The majority of Salcombe’s most exclusive houses are holiday homes, but The Moult has been this family’s main home since they moved here from Surrey in the mid 1990s, and, as have the gardens, the interior has been re-aligned and refurbished with its owners’ trademark attention to detail, style and practicality. The house is laid out in three parts-the gabled, six-bedroom main building with its three fine reception rooms that include a splendid drawing room with a four-bay oriel window facing the sea, a three-bedroom guest wing, and a two-bedroom office annexe. All the main rooms share panoramic views of the lush, year round gardens and the estuary.
Simon and Sue Gotch, the owners of Clanacombe, a mile inland from Thurlestone and five miles from Salcombe, have no regrets about leaving the Home Counties, where Mr Gotch still has his business headquarters, for a new home on the south Devon coast. Having bought the impressive stone manor house -originally built in the late 16th and early 17th centuries and extended in Victorian times-in 2003, Mr and Mrs Gotch have been delighted with the progress of their 13-year-old twins through nearby Kingsbridge’s excellent primary and secondary schools.

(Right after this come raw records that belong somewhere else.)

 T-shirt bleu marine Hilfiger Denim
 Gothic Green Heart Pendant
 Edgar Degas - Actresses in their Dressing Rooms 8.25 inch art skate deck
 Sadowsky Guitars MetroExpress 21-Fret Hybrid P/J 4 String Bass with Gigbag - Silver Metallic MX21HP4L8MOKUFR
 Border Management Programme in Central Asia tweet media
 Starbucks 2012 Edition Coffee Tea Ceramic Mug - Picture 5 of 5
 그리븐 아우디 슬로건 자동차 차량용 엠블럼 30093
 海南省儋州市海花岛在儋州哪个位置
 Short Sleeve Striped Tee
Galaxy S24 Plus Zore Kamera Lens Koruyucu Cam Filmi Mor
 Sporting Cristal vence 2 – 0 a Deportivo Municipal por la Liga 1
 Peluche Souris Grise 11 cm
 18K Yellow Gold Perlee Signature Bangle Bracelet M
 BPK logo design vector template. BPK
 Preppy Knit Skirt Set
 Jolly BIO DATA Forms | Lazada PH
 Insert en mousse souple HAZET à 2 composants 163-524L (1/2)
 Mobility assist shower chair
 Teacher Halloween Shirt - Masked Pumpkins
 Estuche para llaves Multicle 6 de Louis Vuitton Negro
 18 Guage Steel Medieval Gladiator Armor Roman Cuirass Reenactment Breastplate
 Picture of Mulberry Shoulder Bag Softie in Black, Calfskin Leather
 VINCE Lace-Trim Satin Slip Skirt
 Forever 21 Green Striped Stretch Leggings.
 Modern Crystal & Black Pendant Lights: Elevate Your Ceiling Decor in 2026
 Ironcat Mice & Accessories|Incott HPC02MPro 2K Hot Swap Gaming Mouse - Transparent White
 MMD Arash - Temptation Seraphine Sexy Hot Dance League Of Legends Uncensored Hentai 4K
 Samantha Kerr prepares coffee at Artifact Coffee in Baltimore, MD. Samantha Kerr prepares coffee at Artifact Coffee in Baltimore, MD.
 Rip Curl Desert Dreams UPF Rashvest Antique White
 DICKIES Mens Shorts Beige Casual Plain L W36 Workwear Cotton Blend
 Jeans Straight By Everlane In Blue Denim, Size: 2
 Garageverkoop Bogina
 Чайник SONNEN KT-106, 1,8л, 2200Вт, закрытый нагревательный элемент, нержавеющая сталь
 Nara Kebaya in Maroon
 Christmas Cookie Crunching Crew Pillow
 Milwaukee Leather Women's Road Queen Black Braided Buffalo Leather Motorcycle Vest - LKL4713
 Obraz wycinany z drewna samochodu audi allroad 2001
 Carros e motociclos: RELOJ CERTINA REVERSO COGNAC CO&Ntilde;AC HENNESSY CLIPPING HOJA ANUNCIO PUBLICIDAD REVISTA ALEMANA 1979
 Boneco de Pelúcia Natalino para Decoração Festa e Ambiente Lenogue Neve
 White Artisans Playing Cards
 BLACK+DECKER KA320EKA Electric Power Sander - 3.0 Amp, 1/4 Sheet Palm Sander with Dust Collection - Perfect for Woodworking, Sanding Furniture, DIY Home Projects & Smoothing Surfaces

Now that they have fully restored and renovated the three storey, six-bedroom manor house, its coach house and glorious gardens, they plan to build a new house in the area, starting from scratch. Hence the sale of Clanacombe through Marchand Petit (01548 857588) and Savills (01392 455755) at a guide price of ‘offers over £3 million’ for the main building complex and 9.7 acres of gardens, £650,000 for the three-bedroom lodge and £50,000-£75,000 for an additional 8.7 acres of protective pasture and woodland on the far side of the lane. If the creative flair they have shown in their distinctive treatment of Clanacombe’s interior is anything to go by, the Gotches’ next home will be quite something.